Note that the Time parameter has been converted from a float to an int (0.0 to 0). Basically I am unable to reproduce the output from https://github.com/j-brooke/FracturedJson/wiki/Options (and not in browser either).

Appreciate this is a python-ism so you may want to reject this based on https://www.json.org/json-en.html

This is essentially another form of j-brooke/FracturedJson#11 and j-brooke/FracturedJson#12 .

The issue is that the JS implementation relies on turning the input text directly into JavaScript objects/arrays/whatever before trying to process the output, so there's no way to preserve any existing formatting of the number (or, in fact, correctly preserve the value of the number if it requires more precision than allowed by a 64-bit float). As a contrast, the C# code uses the exact source text for the number if it decides not to reformat it.

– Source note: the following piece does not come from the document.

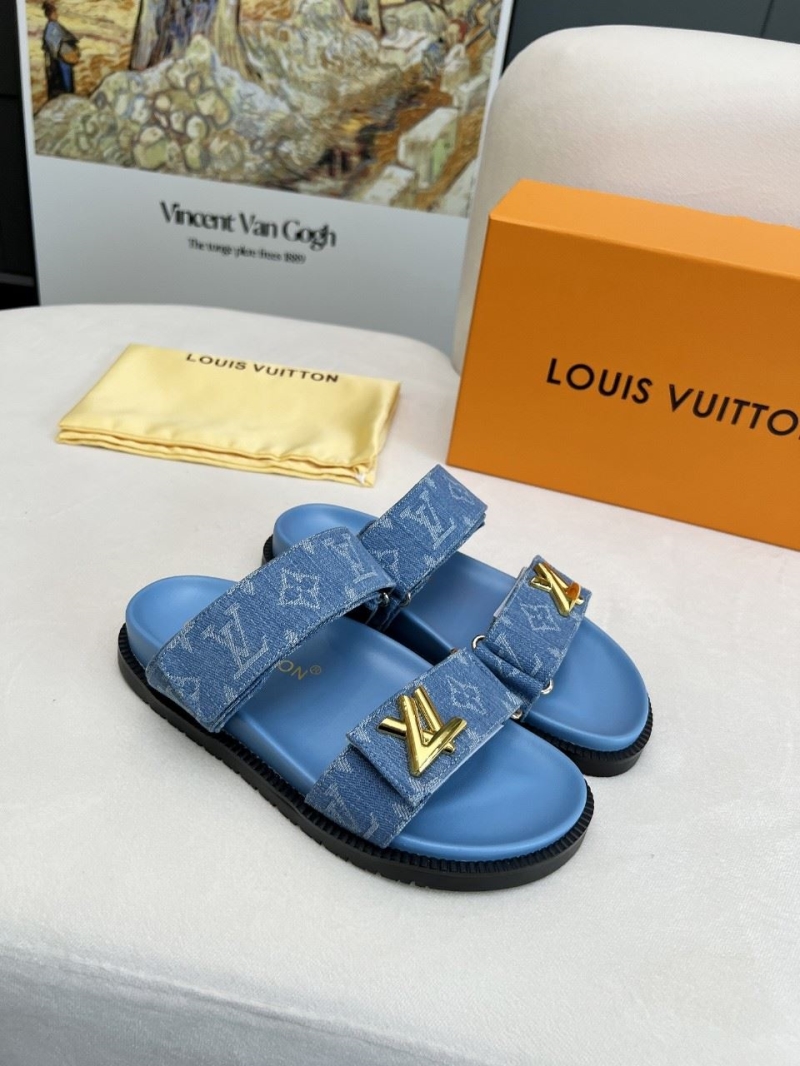 LV Sandals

This problem isn't fixable until the JS implementation is rewritten to do its own parsing of the JSON text. (I might do that some day - it would let me add a few more features people have asked for.)

As far as Python goes, if you're following the same approach as the JS code of just letting the built-in parser convert the input into native types, I suspect you're stuck with the same problem.

Yes - same approach of native types in the python implementation. I will see whether I prefer to treat int and float differently even though it's not overly JSON. It's a python parser after all. Thanks for the clarification.